A debtor can establish it is not a SARE case if it shows property is not being used only for rental. For example, a country club or hotel in Sacramento or San Francisco would not be considered a SARE debtor because it generates revenues from catering, restaurants, spa services, and gift merchandise, not just operation of the property. According to Centofante v. CBJ Dev., Inc. (In re CBJ Dev., Inc.), 202 B.R. 467 (B.A.P. 9th Cir. 1996), hotel operations are not the mere operation of a property because it requires:

  • substantial number of employees;
  • actively maintaining each room;
  • cleaning bed sheets and towels; and
  • providing guest amenities like phone service.

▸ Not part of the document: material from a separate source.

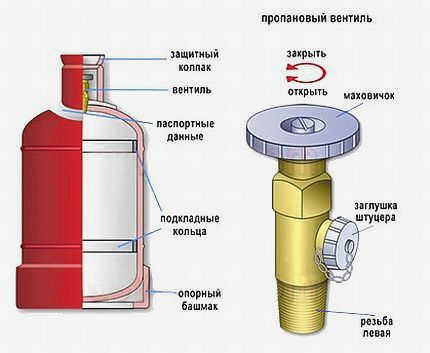Конструкция цилиндра и клапана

In In re Club Golf Partners, L.P., No. 07-40096, 2007 WL 1176010 (E.D. Tex. Apr. 20, 2007), the debtor is a limited partnership that owns and operates a golf club with golf course, a driving range, tennis courts, clubhouse, and restaurant. The court holds the debtor is not a SARE because it operates revenue-producing activities on the property, including the employment of third-party personnel integral to revenue production, selling memberships, charging fees or prices for access to the golf course, use of golf carts, use of driving range, use of tennis courts, sale of merchandise in its shop, sale of food and beverages (beer, wine) in the restaurant, and use of clubhouse for events.

Appointment of a Trustee

Although the appointment of a case trustee is rare in a chapter 11 case, a party in interest or the US trustee can request the appointment of a case trustee prior to confirmation. Some reasons for appointing a trustee include fraud, dishonesty, incompetence, or gross mismanagement, or if such an appointment is in the interest of creditors, any equity security holders, and other interests of the estate.

The US trustee appoints the trustee who manages of the property of the bankruptcy estate, operation of the debtor's business, and the filing of a plan of reorganization. Prior to filing the reorganization plan, the trustee may do a study of the estate assets to determine the market value.